DD in The Beginning of Infinity:

there can be no such thing as an ultimate explanation: just as ‘the gods did it’ is always a bad explanation, so any other purported foundation of all explanations must be bad too. It must be easily variable because it cannot answer the question: why that foundation and not another? Nothing can be explained only in terms of itself.

KP in Conjectures and Refutations:

The question about the sources of our knowledge can be replaced in a similar way [to replacing the “Who should rule?” question in politics]. It has always been asked in the spirit of: ‘What are the best sources of our knowledge—the most reliable ones, those which will not lead us into error, and those to which we can and must turn, in case of doubt, as the last court of appeal?’ I propose to assume, instead, that no such ideal sources exist—no more than ideal rulers—and that all ‘sources’ are liable to lead us into error at times. And I propose to replace, therefore, the question of the sources of our knowledge by the entirely different question: ‘How can we hope to detect and eliminate error?

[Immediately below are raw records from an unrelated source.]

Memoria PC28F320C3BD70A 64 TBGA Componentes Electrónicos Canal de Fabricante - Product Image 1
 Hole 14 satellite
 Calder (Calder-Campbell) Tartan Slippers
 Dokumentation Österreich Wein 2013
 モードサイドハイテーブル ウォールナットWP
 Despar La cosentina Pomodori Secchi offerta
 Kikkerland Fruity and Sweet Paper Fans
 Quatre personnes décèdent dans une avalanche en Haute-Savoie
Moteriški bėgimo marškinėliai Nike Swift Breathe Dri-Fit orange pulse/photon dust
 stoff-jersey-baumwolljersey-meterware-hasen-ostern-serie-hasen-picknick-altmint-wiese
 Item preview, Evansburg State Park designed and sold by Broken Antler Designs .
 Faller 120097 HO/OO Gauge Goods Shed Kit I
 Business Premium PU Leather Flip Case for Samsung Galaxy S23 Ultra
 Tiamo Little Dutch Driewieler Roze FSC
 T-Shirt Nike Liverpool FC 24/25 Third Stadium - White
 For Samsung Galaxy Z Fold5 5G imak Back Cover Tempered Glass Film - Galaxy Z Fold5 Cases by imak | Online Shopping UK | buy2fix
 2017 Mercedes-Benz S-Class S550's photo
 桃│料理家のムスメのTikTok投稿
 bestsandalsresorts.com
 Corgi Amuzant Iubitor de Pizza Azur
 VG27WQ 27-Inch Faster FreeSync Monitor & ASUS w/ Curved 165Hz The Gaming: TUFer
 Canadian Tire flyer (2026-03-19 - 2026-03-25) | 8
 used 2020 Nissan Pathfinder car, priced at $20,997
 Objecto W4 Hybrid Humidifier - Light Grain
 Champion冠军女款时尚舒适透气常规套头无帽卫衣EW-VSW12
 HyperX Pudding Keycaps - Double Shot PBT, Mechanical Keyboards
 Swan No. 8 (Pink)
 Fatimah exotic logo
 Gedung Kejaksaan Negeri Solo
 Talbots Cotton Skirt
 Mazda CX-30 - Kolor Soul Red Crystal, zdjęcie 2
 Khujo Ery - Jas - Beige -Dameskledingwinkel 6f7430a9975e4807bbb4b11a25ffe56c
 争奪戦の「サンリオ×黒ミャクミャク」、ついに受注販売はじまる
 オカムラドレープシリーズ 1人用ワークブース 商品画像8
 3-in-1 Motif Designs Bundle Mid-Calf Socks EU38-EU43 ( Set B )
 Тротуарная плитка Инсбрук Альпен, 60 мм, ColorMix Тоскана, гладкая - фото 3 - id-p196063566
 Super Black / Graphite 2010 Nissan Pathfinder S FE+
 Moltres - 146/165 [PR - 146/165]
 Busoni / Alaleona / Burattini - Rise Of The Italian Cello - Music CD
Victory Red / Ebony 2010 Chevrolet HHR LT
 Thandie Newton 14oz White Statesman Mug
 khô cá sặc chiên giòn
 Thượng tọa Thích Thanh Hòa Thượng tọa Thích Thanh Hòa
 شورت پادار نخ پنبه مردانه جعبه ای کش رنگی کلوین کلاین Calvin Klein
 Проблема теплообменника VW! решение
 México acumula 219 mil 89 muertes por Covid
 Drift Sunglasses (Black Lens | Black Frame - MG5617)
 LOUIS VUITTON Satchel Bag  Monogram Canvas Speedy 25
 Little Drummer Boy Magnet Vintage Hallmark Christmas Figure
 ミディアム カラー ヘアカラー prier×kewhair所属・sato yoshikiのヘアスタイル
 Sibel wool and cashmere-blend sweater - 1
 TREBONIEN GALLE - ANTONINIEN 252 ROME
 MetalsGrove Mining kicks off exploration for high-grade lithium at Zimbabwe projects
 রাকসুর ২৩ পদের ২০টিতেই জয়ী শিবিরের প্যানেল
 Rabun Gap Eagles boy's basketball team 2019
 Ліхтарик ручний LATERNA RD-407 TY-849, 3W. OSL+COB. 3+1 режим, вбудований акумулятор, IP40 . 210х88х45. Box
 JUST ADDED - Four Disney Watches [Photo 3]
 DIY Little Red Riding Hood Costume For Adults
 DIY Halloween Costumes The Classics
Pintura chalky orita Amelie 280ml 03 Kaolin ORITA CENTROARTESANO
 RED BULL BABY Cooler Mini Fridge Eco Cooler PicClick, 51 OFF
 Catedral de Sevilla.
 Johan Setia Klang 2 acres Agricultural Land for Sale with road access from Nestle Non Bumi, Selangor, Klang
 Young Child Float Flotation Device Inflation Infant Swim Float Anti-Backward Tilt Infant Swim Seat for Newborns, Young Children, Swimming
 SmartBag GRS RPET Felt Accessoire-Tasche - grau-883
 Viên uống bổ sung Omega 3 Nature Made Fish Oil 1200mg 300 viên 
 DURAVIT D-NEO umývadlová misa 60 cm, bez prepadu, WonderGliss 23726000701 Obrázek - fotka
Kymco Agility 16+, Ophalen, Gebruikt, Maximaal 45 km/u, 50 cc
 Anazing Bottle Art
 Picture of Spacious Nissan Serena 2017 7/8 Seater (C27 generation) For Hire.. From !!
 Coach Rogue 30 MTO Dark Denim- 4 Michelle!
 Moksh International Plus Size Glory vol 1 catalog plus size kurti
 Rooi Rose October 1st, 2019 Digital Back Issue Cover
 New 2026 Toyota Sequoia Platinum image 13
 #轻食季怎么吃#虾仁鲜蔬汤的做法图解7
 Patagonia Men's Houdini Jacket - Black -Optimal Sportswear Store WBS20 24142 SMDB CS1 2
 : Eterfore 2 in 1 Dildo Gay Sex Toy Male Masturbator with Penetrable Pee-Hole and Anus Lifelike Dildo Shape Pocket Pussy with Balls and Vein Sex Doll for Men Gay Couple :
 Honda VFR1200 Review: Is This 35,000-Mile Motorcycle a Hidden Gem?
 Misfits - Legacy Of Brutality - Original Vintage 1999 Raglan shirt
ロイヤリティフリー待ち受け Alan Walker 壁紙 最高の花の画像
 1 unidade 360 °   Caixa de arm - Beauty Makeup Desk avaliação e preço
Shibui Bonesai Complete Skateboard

The question of the sources of our knowledge, like so many authoritarian questions, is a genetic one. It asks for the origin of our knowledge, in the belief that knowledge may legitimize itself by its pedigree. The nobility of the racially pure knowledge, the untainted knowledge, the knowledge which derives from the highest authority, if possible from God: these are the (often unconscious) metaphysical ideas behind the question. My modified question, ‘How can we hope to detect error?’ may be said to derive from the view that such pure, untainted and certain sources do not exist, and that questions of origin or of purity should not be confounded with questions of validity, or of truth. This view may be said to be as old as Xenophanes. Xenophanes knew that our knowledge is guesswork, opinion—doxa rather than epistēmē—as shown by his verses (DK, B, 18 and 34):

The gods did not reveal, from the beginning,
All things to us; but in the course of time,
Through seeking we may learn, and know things better.

But as for certain truth, no man has known it,
Nor will he know it; neither of the gods,
Nor yet of all the things of which I speak.
And even if by chance he were to utter
The perfect truth, he would himself not know it;
For all is but a woven web of guesses.

Yet the traditional question of the authoritative sources of knowledge is repeated even today—and very often by positivists and by other philosophers who believe themselves to be in revolt against authority.

The proper answer to my question ‘How can we hope to detect and eliminate error?’ is, I believe, ‘By criticizing the theories or guesses of others and—if we can train ourselves to do so—by criticizing our own theories or guesses.’ (The latter point is highly desirable, but not indispensable; for if we fail to criticize our own theories, there may be others to do it for us.) This answer sums up a position which I propose to call ‘critical rationalism’.

[...]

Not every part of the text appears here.